Official figures showed that the rate of industrial output growth slowed to 3.5 percent in the first two months of 2002. In the same period a year ago, the rate was 16.7 percent.

Economists said nonpayments and obscure barter schemes had returned to the economy, raising doubts over recovery prospects.

Few believe that Kinakh will manage to stay in his post after the election. His removal could pave the way for the new parliament and president to agree on the appointment of a more reformist and decisive government.

Analysts said the government needs to develop a strong domestic market and cut its dependence on exports. Exporters currently account for about 60 percent of GDP and are a major source for hard currency revenues.

But they have been hit by lower world prices for steel and chemicals -- Ukraine's major exports -- and U.S. trade sanctions on metals and footwear imposed after a dispute over CD piracy.

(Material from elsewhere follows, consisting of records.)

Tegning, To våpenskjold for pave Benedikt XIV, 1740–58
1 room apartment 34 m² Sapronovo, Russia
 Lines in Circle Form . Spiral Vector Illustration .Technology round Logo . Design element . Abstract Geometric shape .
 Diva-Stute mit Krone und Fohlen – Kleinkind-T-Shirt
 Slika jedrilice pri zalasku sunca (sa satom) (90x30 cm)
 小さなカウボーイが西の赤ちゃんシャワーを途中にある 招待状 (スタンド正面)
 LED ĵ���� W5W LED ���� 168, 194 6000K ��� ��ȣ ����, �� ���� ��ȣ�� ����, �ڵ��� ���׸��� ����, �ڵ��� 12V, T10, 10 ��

An important role for the new parliament would be to make progress in key areas like tax, pension and land reform. Parliament passed a law last year allowing Ukrainians to buy land from 2005. But the sale of land would be legal only once deputies approve a set of laws to regulate the property market.

Parliamentarians have started considering new legislation on tax and pension reform but have made no decisions.

Privatization is another priority for the country, which faces a peak in foreign debt payments this year and next.

The government plans to sell its crown jewels this year -- 12 power utilities and the national telecoms monopoly, Ukrtelekom. But to ensure the tenders' success, Ukraine needs to set transparent rules and stop talk about resales, analysts said.

But they believe steps will be made in the right direction.

"Many businessmen are running for parliament this time. There will be some lobbying and talks about state protectionism but they care about their businesses and see a need for reforms and the entire country will benefit," a Western banker said.